Task directions :: Reproduce each line below precisely. Drop the pictures.

Material for this task ::
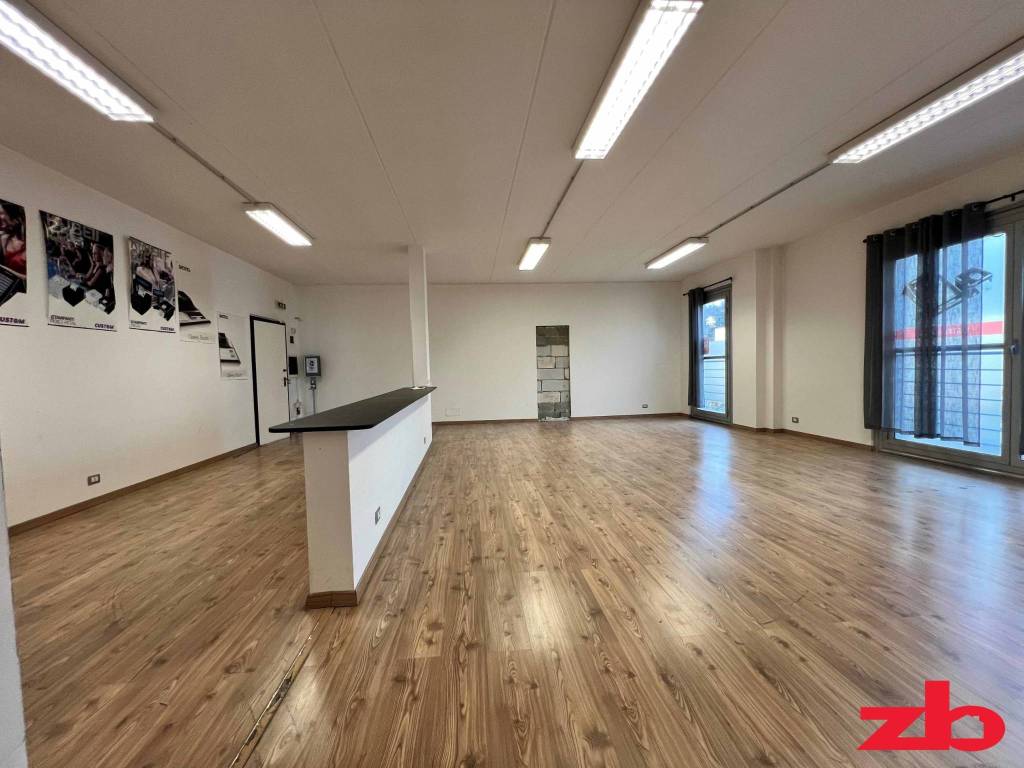ufficio in vendita a Genova in zona Bolzaneto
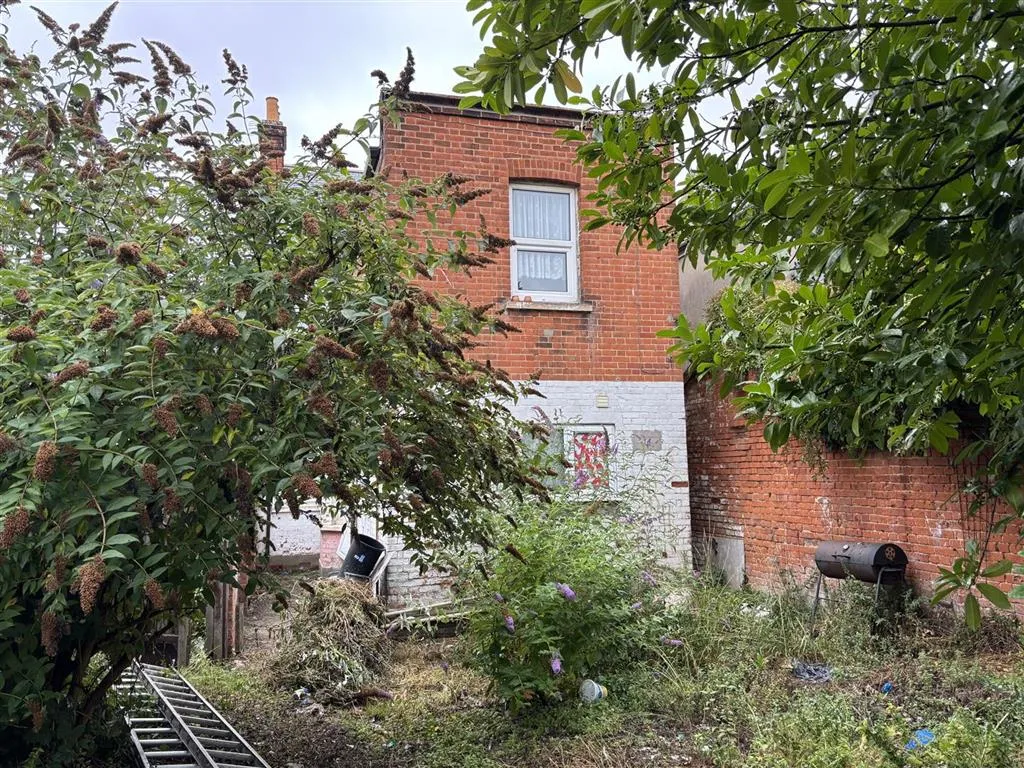 28, Ellis Road, CLACTON-ON-SEA, Essex, CO15 1EX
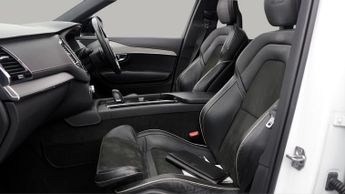 Volvo XC90 B5 R-DESIGN AWD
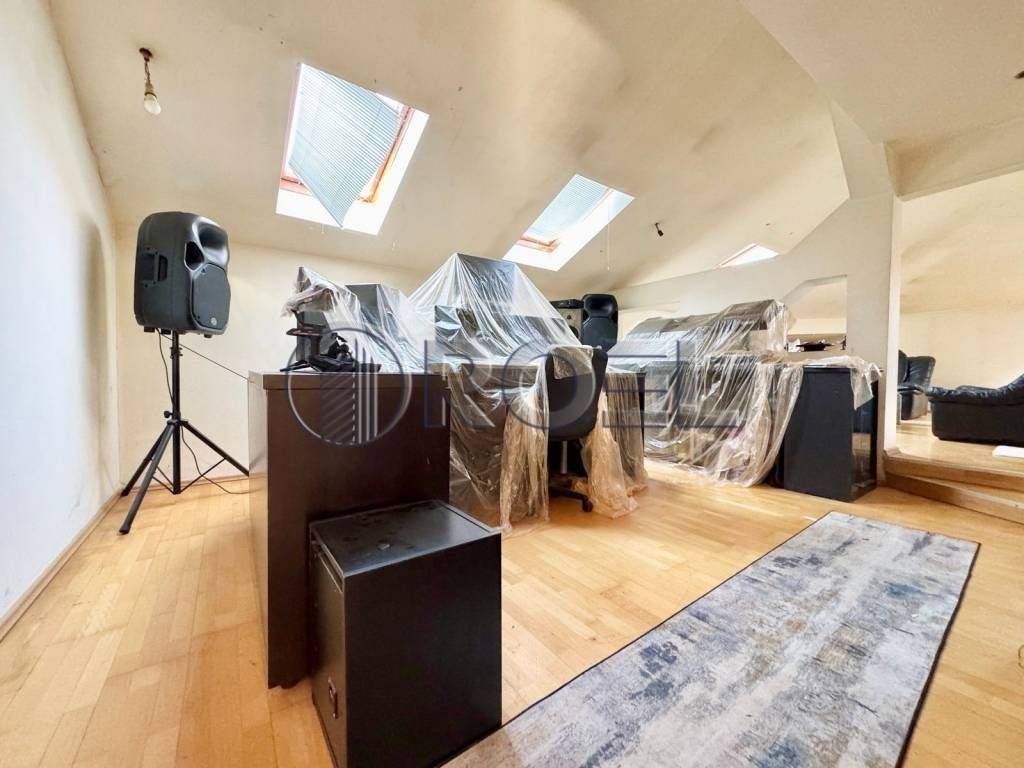 Stan u starijoj zgradi, Prodaja, Zagreb, Donji Grad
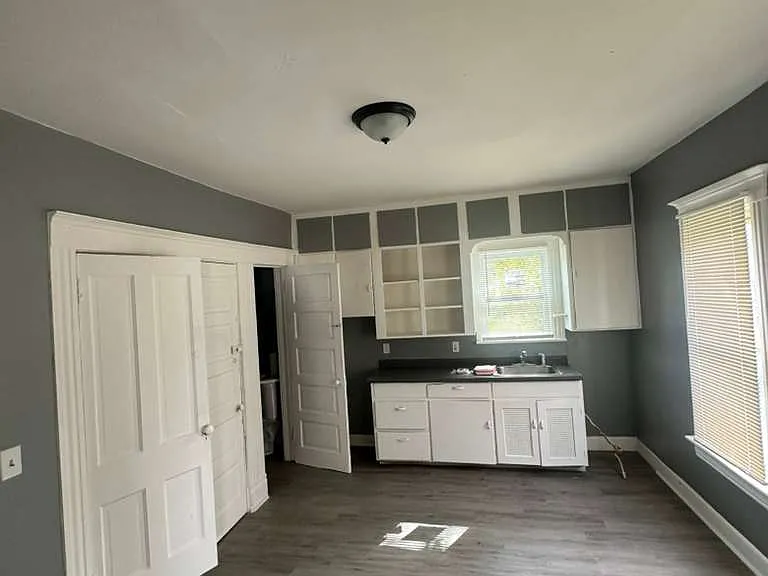 832 1/2 W 1st St #A — Photo 6
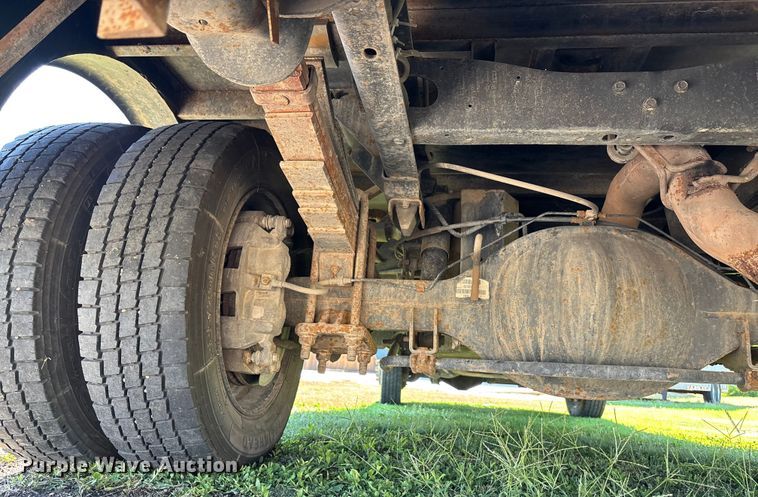 image for item EO1635 2009 Dodge Ram 4500HD Quad Cab flatbed truck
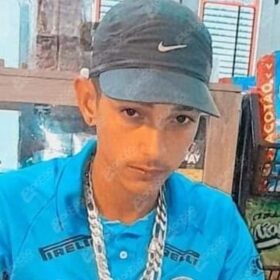 Imagens mostram jovem de 18 anos sendo perseguido e executado em Sarandi Foto 7 Fotos de Imagens mostram jovem de 18 anos sendo perseguido e executado em Sarandi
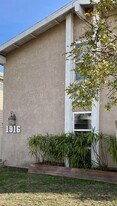1916 Warfield Ave, Unit Unit 1 in Redondo Beach, CA - Building Photo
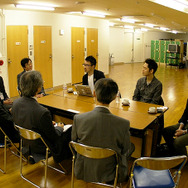 講演後インタビューを行った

Exercise answer ::
ufficio in vendita a Genova in zona Bolzaneto
 28, Ellis Road, CLACTON-ON-SEA, Essex, CO15 1EX
 Volvo XC90 B5 R-DESIGN AWD
 Stan u starijoj zgradi, Prodaja, Zagreb, Donji Grad
 832 1/2 W 1st St #A — Photo 6
 image for item EO1635 2009 Dodge Ram 4500HD Quad Cab flatbed truck
 Imagens mostram jovem de 18 anos sendo perseguido e executado em Sarandi Foto 7 Fotos de Imagens mostram jovem de 18 anos sendo perseguido e executado em Sarandi
1916 Warfield Ave, Unit Unit 1 in Redondo Beach, CA - Building Photo
 講演後インタビューを行った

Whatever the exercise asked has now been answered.